From the records below, output exactly the lines starting at the line with "[Weekly Big Comic" and ending at the line with "СЕССИЯ РАЙОННОГО СОВЕТА", both of them included, but no pictures.

**Records to use**
-----

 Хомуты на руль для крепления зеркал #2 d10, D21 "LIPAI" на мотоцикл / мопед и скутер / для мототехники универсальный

-----

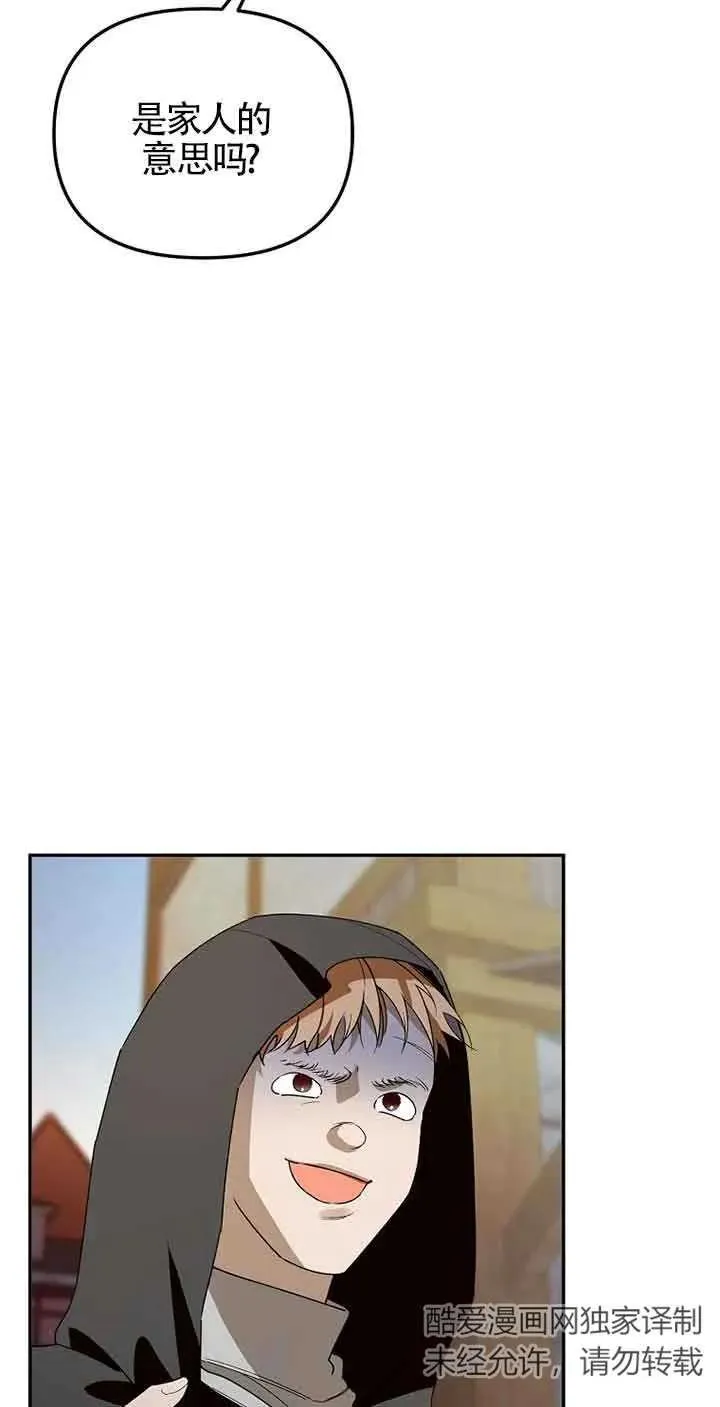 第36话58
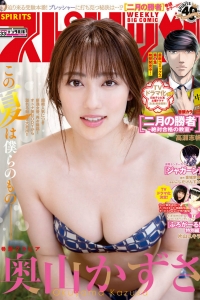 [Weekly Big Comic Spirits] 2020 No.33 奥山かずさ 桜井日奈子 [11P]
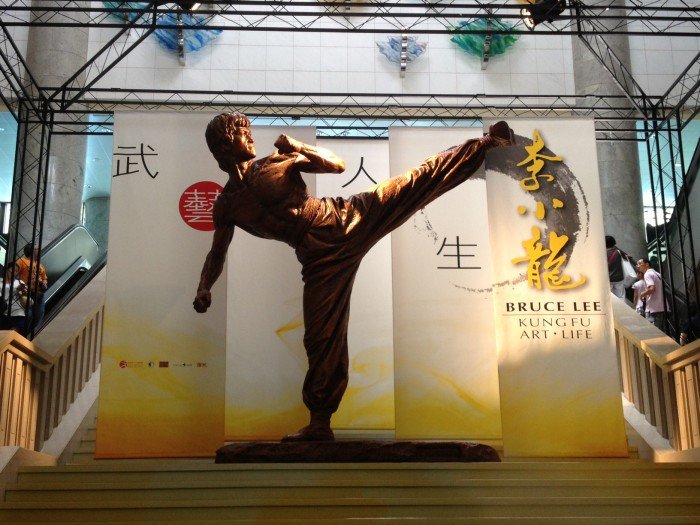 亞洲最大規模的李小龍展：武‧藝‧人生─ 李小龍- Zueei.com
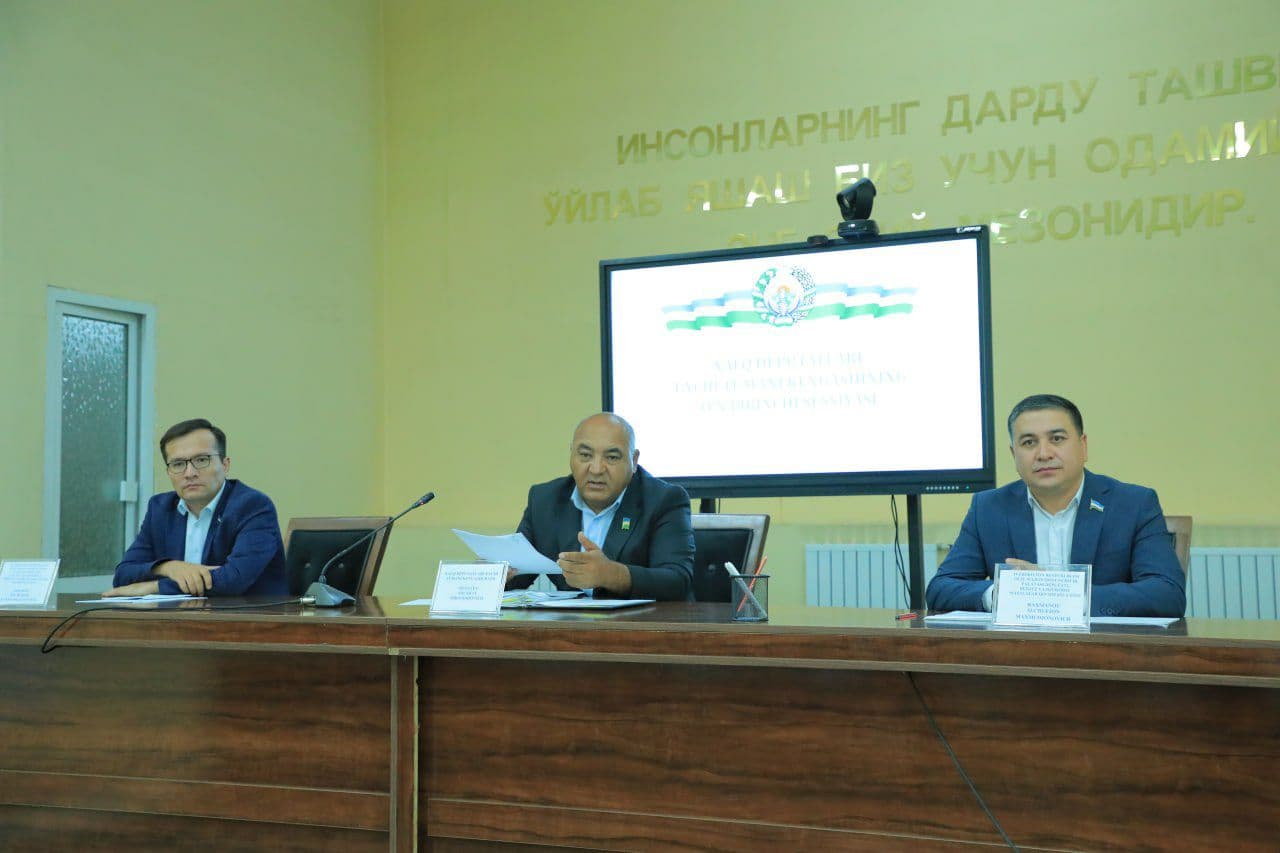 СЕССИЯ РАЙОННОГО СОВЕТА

-----

**Your solution**
 [Weekly Big Comic Spirits] 2020 No.33 奥山かずさ 桜井日奈子 [11P]
 亞洲最大規模的李小龍展：武‧藝‧人生─ 李小龍- Zueei.com
 СЕССИЯ РАЙОННОГО СОВЕТА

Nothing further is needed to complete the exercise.